*WHAT TO WORK ON*: For this exercise, repeat exactly the lines below starting at the line holding "Докторски куфар-маса с инструменти" and ending at the line holding "JJ Jonette Easter", both included, with no extra lines and no pictures.
━━━━━ PROVIDED RECORDS ━━━━━
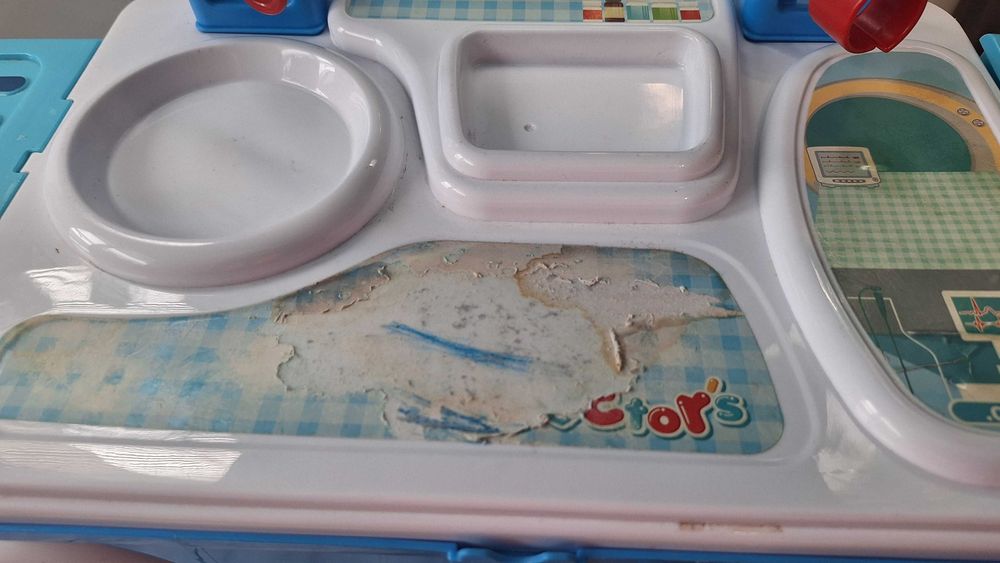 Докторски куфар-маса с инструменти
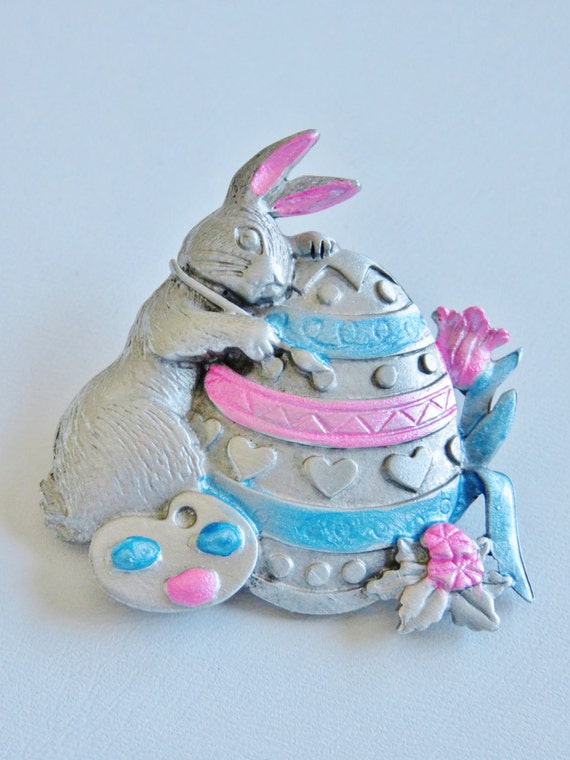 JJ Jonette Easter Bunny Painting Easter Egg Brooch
━━━━━
━━━━━ PROVIDED RECORDS ━━━━━
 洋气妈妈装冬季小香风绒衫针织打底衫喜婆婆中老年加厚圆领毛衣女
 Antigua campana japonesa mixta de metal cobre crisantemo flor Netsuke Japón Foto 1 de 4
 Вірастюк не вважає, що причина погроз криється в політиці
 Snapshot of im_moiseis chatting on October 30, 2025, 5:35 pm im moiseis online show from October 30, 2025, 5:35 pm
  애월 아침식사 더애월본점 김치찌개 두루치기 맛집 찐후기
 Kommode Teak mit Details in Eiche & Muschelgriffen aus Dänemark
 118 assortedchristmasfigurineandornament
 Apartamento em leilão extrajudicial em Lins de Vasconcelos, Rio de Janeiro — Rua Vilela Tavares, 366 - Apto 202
━━━━━
*RESPONSE TO THIS EXERCISE*:
 Докторски куфар-маса с инструменти
 JJ Jonette Easter Bunny Painting Easter Egg Brooch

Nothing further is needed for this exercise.